Closed Bug 986014 Opened 6 years ago Closed 5 years ago

Second phase of removing 1024-bit roots - Thawte, VeriSign, and Equifax

Categories

(NSS :: CA Certificates Code, task)

3.17.3
task
Not set

Tracking

(Not tracked)

RESOLVED FIXED

People

(Reporter: kwilson, Unassigned)

References

Details

(Whiteboard: Changes are in NSS 3.17.3, Firefox 36)

Please remove the following two 1024-bit root certificates owned by Symantec.

> Thawte Consulting cc	
> Certification Services Division	
> Thawte Server CA	
> 1996 Aug 01	
> 2020 Dec 31	
> MD5
> SHA1 Fingerprint: 23:E5:94:94:51:95:F2:41:48:03:B4:D5:64:D2:A3:A3:F5:D8:8B:8C
Note: The Websites and Code Signing trust bits are currently enabled (email trust bit not currently enabled.)


> Thawte Consulting cc	
> Certification Services Division	
> Thawte Premium Server CA	
> 1996 Aug 01	
> 2020 Dec 31	
> MD5
> SHA1 Fingerprint: 62:7F:8D:78:27:65:63:99:D2:7D:7F:90:44:C9:FE:B3:F3:3E:FA:9A
Note: The Websites and Code Signing trust bits are currently enabled (email trust bit not currently enabled.)

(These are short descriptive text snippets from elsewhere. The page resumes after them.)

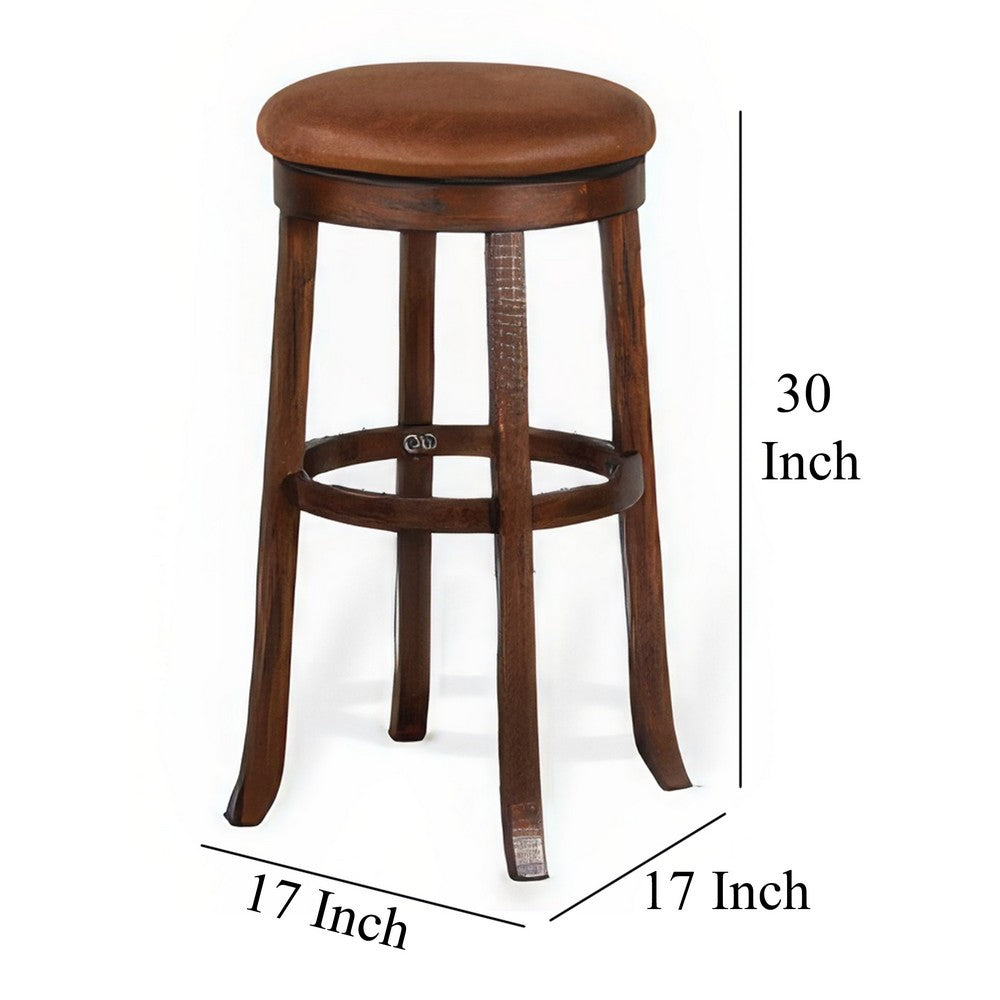 Benjara Odel Swivel Barstool Set of 2, Brown Faux Leather, Dark Mahogany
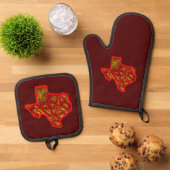 Texas Scribbleprints Ovenwant & Pannenlap Set (Top down)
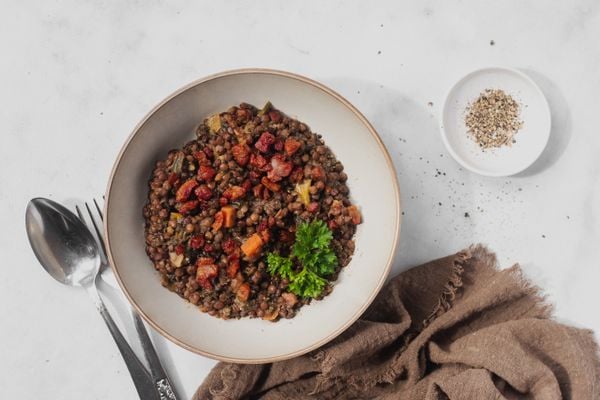 Linzen met pancetta
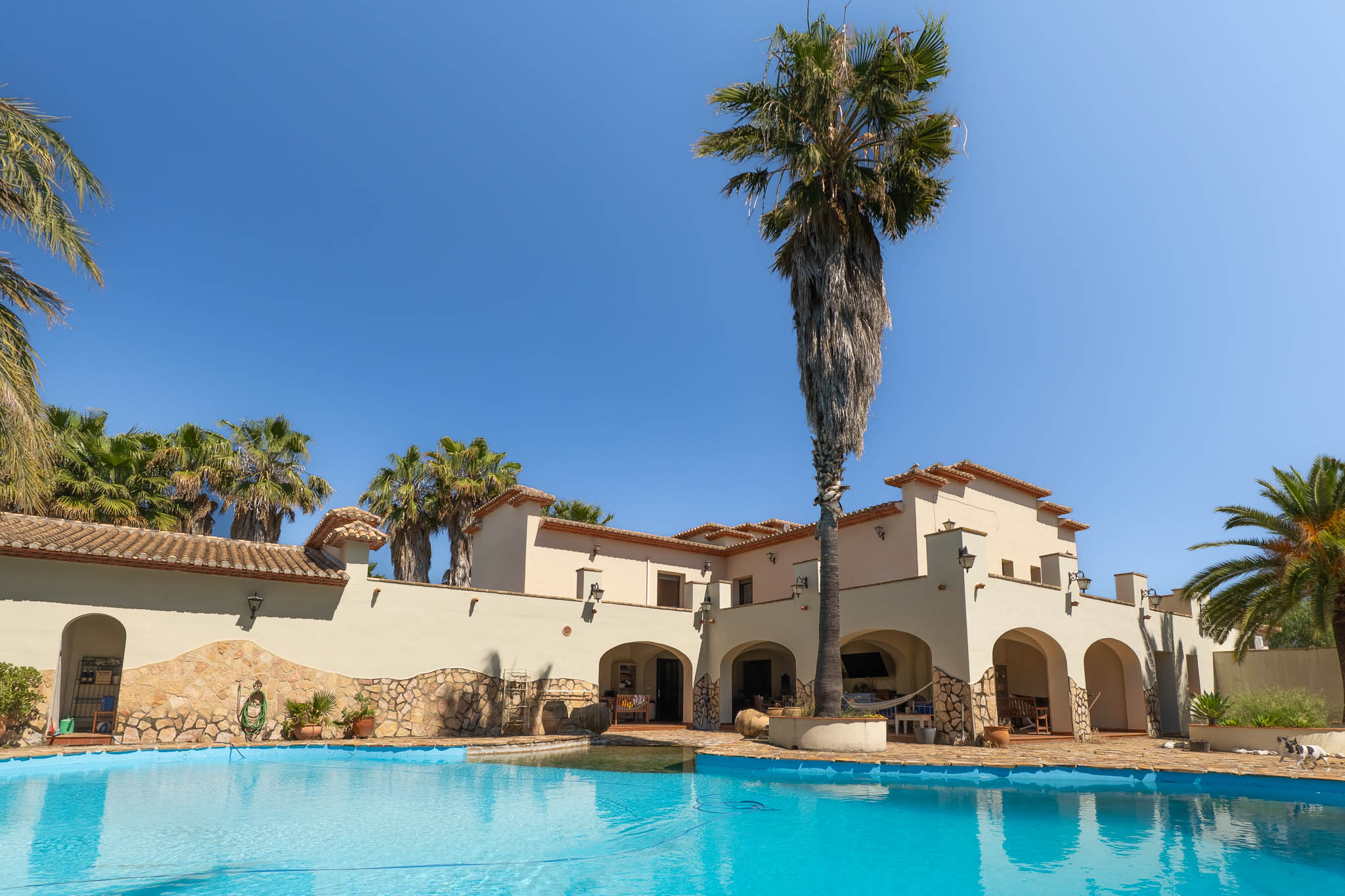 Uitgestrekt privézwembad met helder water, geflankeerd door een mediterrane villa met bogen en hoge palmbomen onder een blauwe lucht.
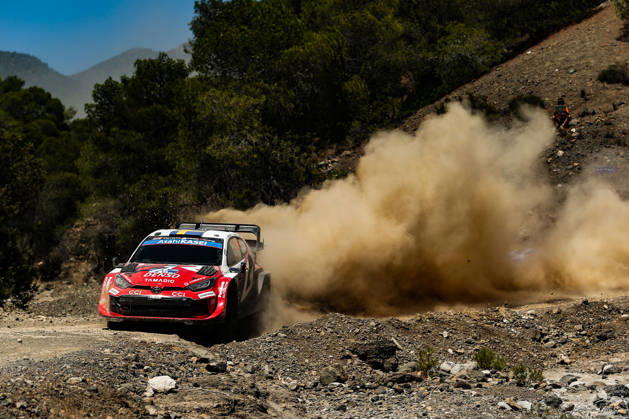 IPA86180802 - Driver Oliver Solber and co-driver Elliott Edmondson of Team Toyota Gazoo Racing WRT are driving the Toyota GR Yaris Rally1 as they tackle the third day of the race during the FIA World Rally Championship WRC, Motorsport Rallye, WM EKO Acropolis Rally Greece 2026 on June 28 in Loutraki, Greece Copyright: xLucaxBarsali IPAxSportx xx 86180802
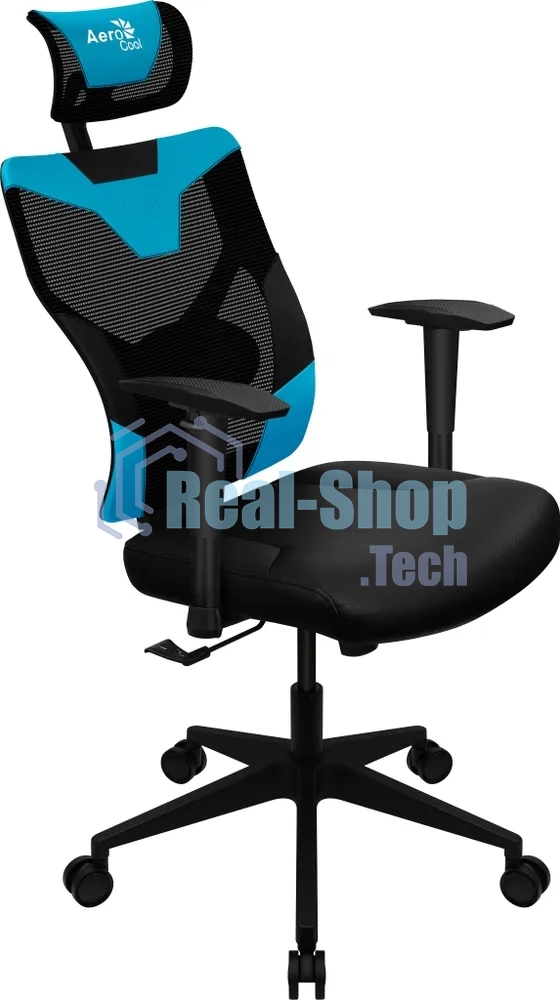 Кресло Aerocool GUARDIAN Ice Blue голубой, сетка, 150 кг, подголовник, регулируемые подлокотники, механизм качания, поясничная подушка
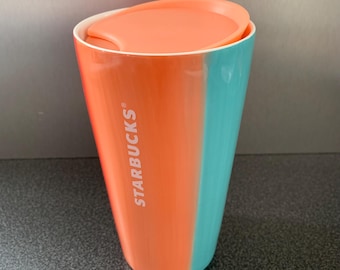 Starbucks Multi-Color Double Wall Ceramic Tumbler 12oz with Lid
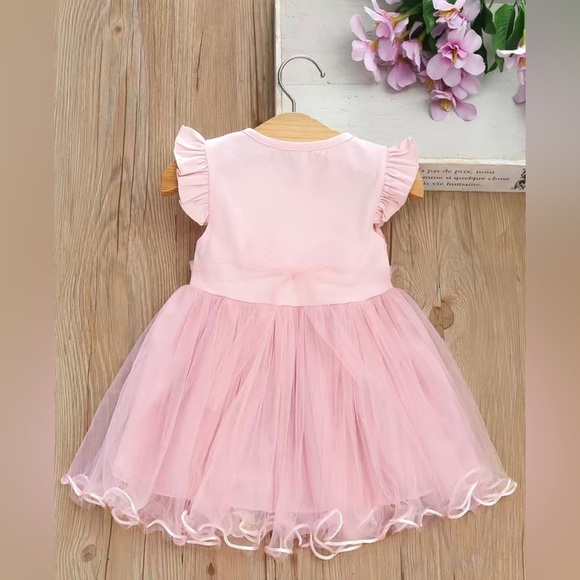 Baby Girls Cute Unicorn Graphic Design Mesh Short Sleeve Dress Clothes - Picture 2 of 8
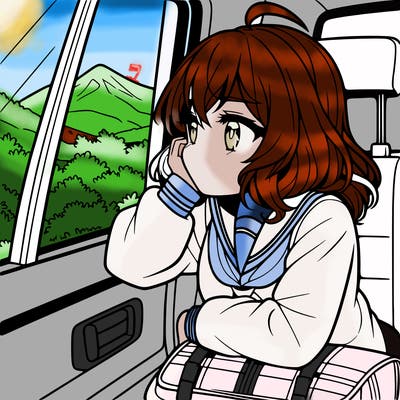 anime girl sighing with elbow on window sill on the back seat of the car looking outside the window of the car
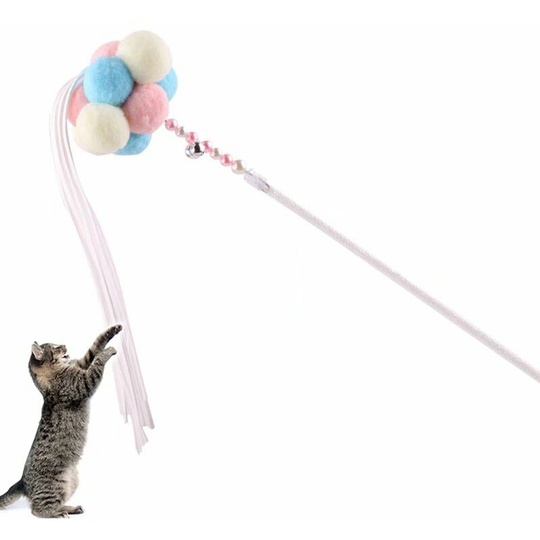 Betterlifegb - Pet Toy Toy for Cat Cat Stick Fairy Tale Funny Cat Stick Toy Cat Tassel Bell Feather Funny Big Cat Stick (Light Blue Rose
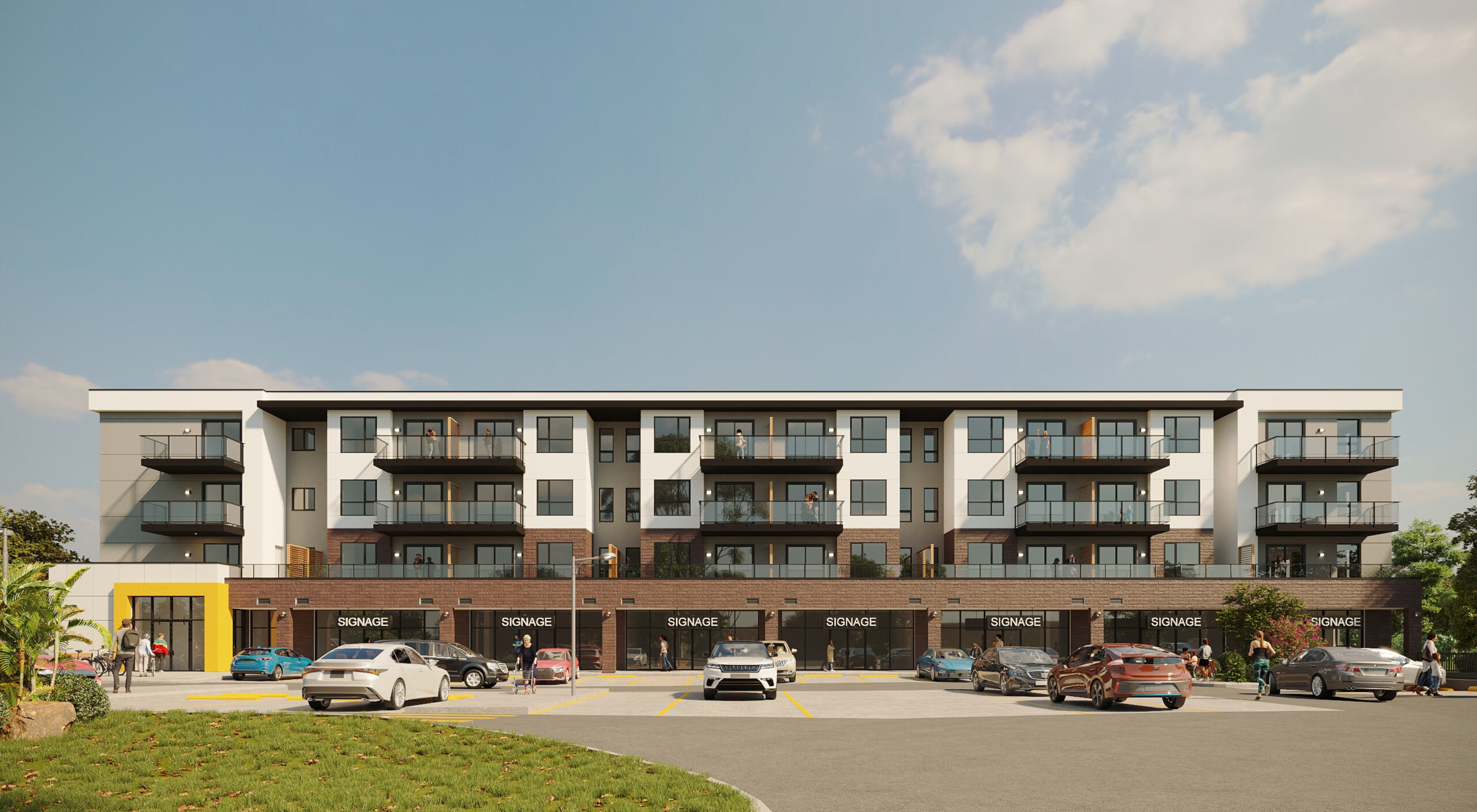 Saddlepeace Village exterior rendering — front building view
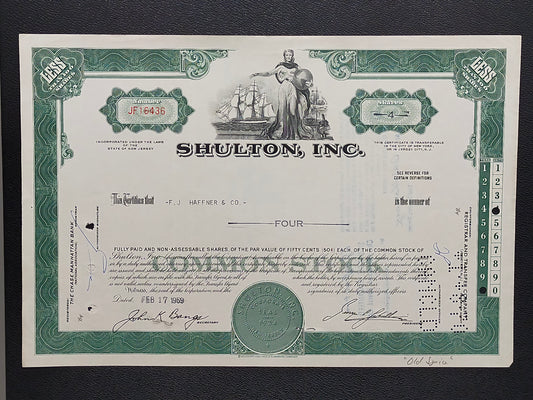 Historische Shulton, Inc. Aktie – Original von 1969 Old Spice Hersteller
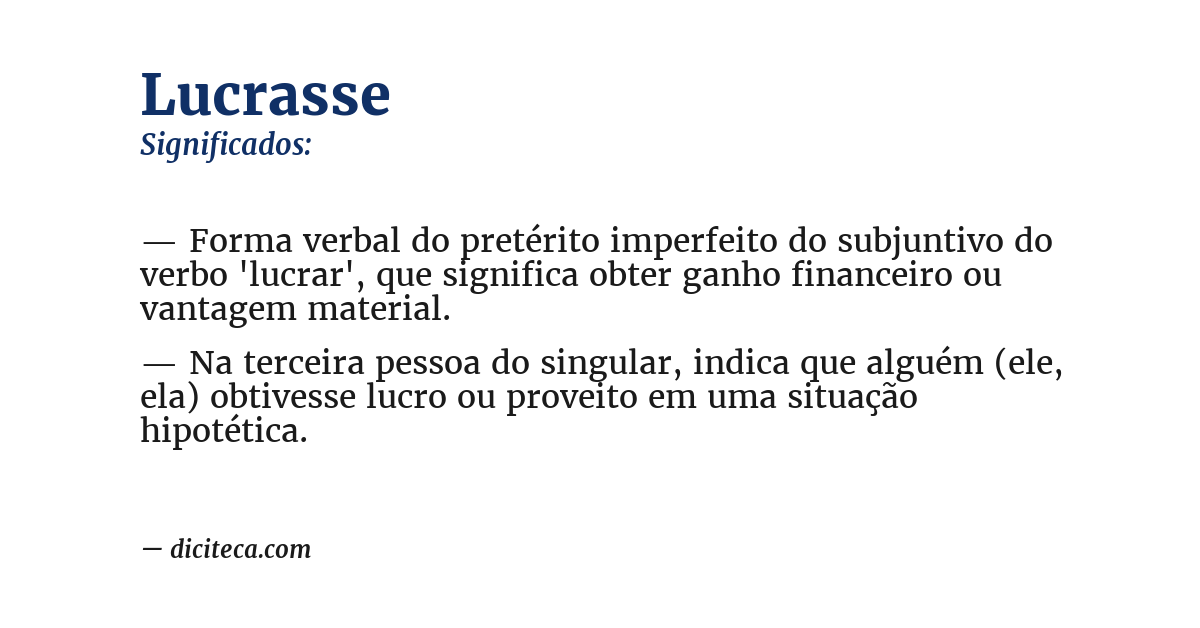 Significado de lucrasse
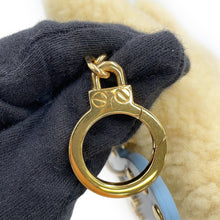 将图像加载到图库查看器中，CELINE Triomphe Pom Pom Bag Charm Natural/Pale Blue49J663GVS.02VP Shearling Leather
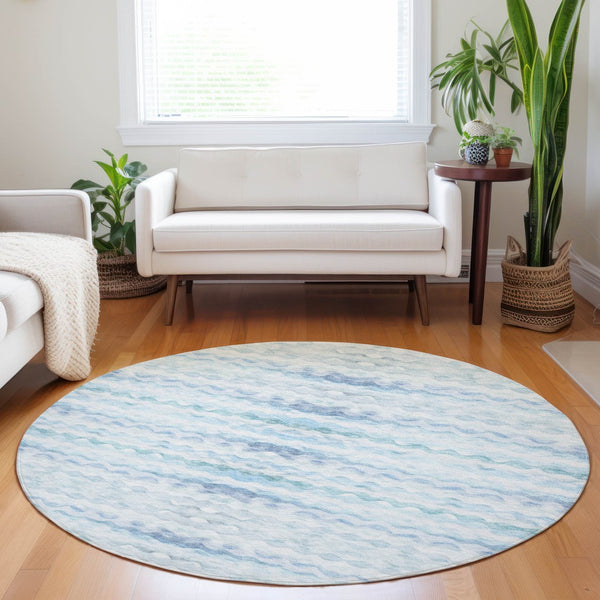 HomeRoots 8' Blue and Ivory Geometric Round Rug - Washable, UV-Protected, Stylish for Indoor & Outdoor Use 646238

Additionally, please turn off the WebSites and Code Signing trust bits for the following 1024-bit root certificates owned by Symantec.

> VeriSign, Inc.	
> VeriSign Trust Network	
> VeriSign Class 3 Public PCA – G2	
> 1998 May 18	
> 2028 Aug 01	
> SHA-1
> SHA1 Fingerprint: 85:37:1C:A6:E5:50:14:3D:CE:28:03:47:1B:DE:3A:09:E8:F8:77:0F

> Equifax Secure Inc.		
> Equifax Secure eBusiness CA-1	
> 1999 Jun 21	
> 2020 Jun 21	
> MD5
> SHA1 Fingerprint: DA:40:18:8B:91:89:A3:ED:EE:AE:DA:97:FE:2F:9D:F5:B7:D1:8A:41
Whiteboard: Target Firefox 32
Whiteboard: Target Firefox 32 → Target Firefox 33
Looking at the certs of the first 10, they all appear to be 4- or 5-year certs issued in 2010.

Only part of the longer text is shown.